地球がもし小さなビー玉だったなら、琵琶湖の深さが1cmだったなら
■「太陽系」という言葉で、どのようなイメージを頭に描くでしょうか。太陽が中心にあって、その周りを惑星がぐるぐる回っているというイメージでしょう。しかし、実際はそのようなイメージとは大きくかけ離れたものです。この動画でをご覧いただければおわかりいただけると思います。地球をビー玉の大きさと仮定すると、実際の太陽系はどのような大きさになるのか、その「縮尺模型」をアメリカのネヴァダ州の干あがった湖底に作ってしまったのです。理屈で考えれば当然なのですが、何か「あっ!!」と驚いてしまうわけです。理屈と感覚との間に大きな隔たりがあるからです。
■この発想で琵琶湖の模型を作るとどうなるのでしょうか。琵琶湖は深い湖だと言われています。一番深いところは、103.58 mあります。模型で表すとどうなるでしょうか。琵琶湖の南北の延長は、63.49kmです。メートルに換算すると、63,490mです。一番深いところを、仮に1cmにすると、南北の延長はだいたい613cmということになります。琵琶湖は構造湖で深い湖なのですが、深いといっても、実際の感覚に置き換えてみると、頭の中にあるイメージとは異なり、かなり薄い薄い存在であることがわかります。そのようなことを体感できる模型が、滋賀県立琵琶湖博物館の「C展示室」の中にありました。琵琶湖博物館は現在、展示替えの真っ最中です。よく知らないのですが、この琵琶湖の模型もなくなってしまうのかもしれません。そうであれば、ちょっと残念です。
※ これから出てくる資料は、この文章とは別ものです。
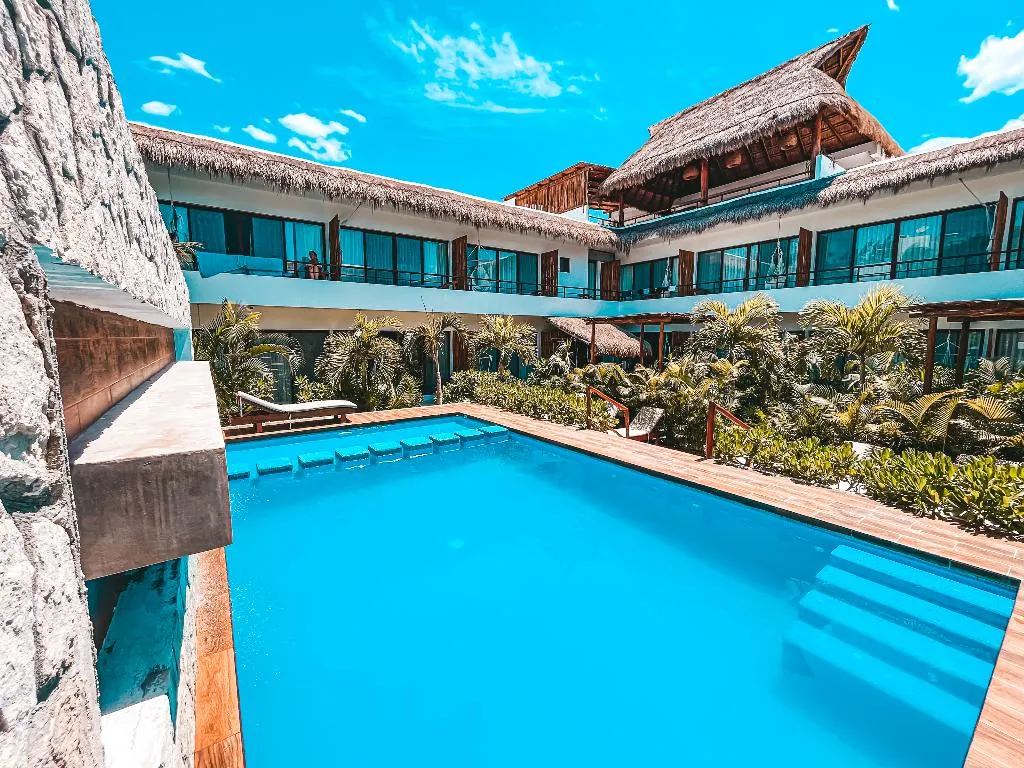 Pool, Naj Casa Holbox, Cancun Area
■このような模型をなぜ作る必要があるのか、動画をご覧いただければわかるとは思いますが、なかには、例えば「Googl Earth」のような最近のネットの技術、それからGIS(地理情報システム)なんかを用いれば必要ない…と思う方たちもいるでしょうね。もちろん、そのような技術で理解できることもあるでしょうが、この動画の中で描かれているのは、頭の中、脳の中で処理されたイメージではなくて、自分の「身体」という制約条件を媒介としてやっと実感できるイメージなのです。この動画が面白いというか、興味深いのは、脳の中で処理されたイメージと、「身体」を媒介として実感できるイメージとの間に、大きなギャップが存在しているからです。私たちは、その落差に驚くのです。おそらくは、環境問題を考える場合に、同様に問題が存在しています。私は、それを「鳥の目・虫の目問題」と呼んでいます。